Most modern computer architectures including x86 use the Von Neumann architecture which has 3 components – the CPU that executes the code, fast and volatile Main Memory that stores all data and code that has been called and an I/O system that interfaces with hard drives, monitors and peripherals.
- The Control Unit get instructions from the ram using one of the CPU’s Register’s, which act as an instruction pointer to store the address of the instruction to execute.
- The registers act as basic data storage units and are very fast compared to RAM. It allows the CPU to fetch and store instructions faster.
- The Arithmetic Logic Unit executes the instructions and store the results.
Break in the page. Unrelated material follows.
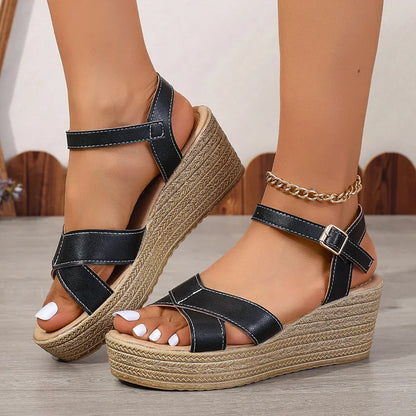 Amelie Women’s Wedge Sandals – PU Leather with Chunky Platform & Adjustable Strap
Main memory can be divided into 4 main sections; DATA – which holds alues that are put in place when the program is initially loaded such as static values or global variables; CODE – which includes the instructions fetched by the CPU to be executed, this controls what the program does; HEAP which is used for dynamic memory allocation and elimination where the contents change frequently during execution; STACK – which is used for local variables, parameters and is used to control the program flow.
CISC vs RISC
CISC and RISC are two types of processor. Intel uses a software centric ISA called CISC, Complex Instruction Set Computer which has many special purpose instructions and a given compiler we may never use. We just need to know how to use the manual. It has variable length instructions between 1 and 15 bytes long. RISC ISA’s such as ARM on the other hand is Hardware Centric with more registers and fewer, fixed-size instructions.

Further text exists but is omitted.